#### GIVEN INFORMATION
########
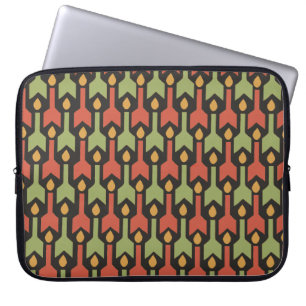 Egyptian Red Grönt Arrow Mönster Laptop sleeve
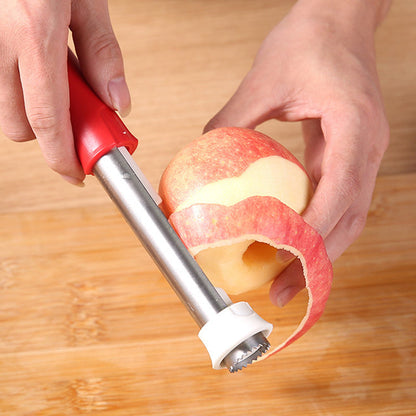 Descascarillador y pelador de frutas de acero inoxidable 2 en 1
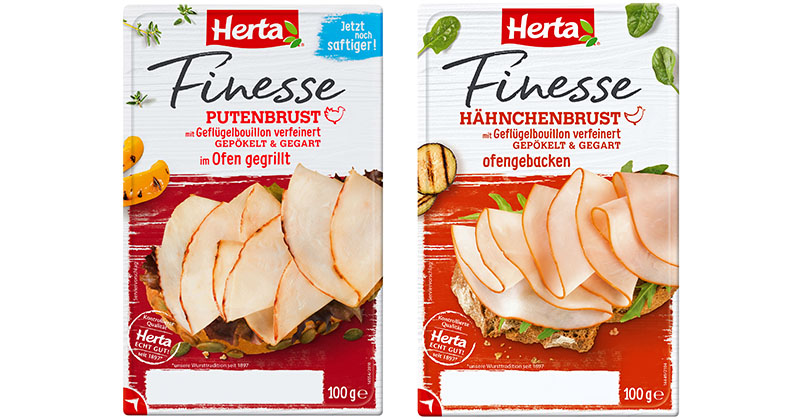 HERTA Finesse Aufschnitt, versch. Sorten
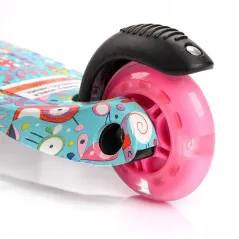 HULAJNOGA TRÓJKOŁOWA LED DLA DZIECI METEOR TUCAN BIRDS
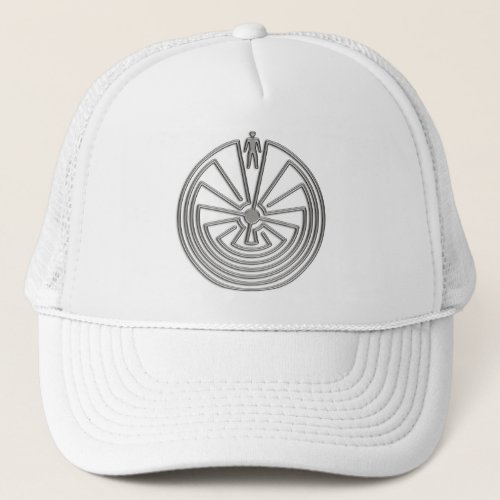 The Man in the Maze _ silver Trucker Hat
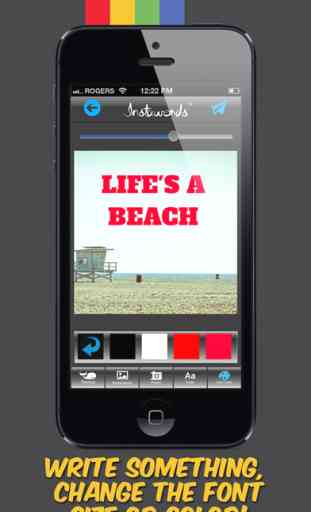 InstaWords Free - Add Text Over Your Photos or Make Them Into Beautiful Pictures 4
########
#### TASK DETAILS
Return the full set of lines above word for word and with no pictures.

#### RESPONSE
 Egyptian Red Grönt Arrow Mönster Laptop sleeve
 Descascarillador y pelador de frutas de acero inoxidable 2 en 1
 HERTA Finesse Aufschnitt, versch. Sorten
 HULAJNOGA TRÓJKOŁOWA LED DLA DZIECI METEOR TUCAN BIRDS
 The Man in the Maze _ silver Trucker Hat
 InstaWords Free - Add Text Over Your Photos or Make Them Into Beautiful Pictures 4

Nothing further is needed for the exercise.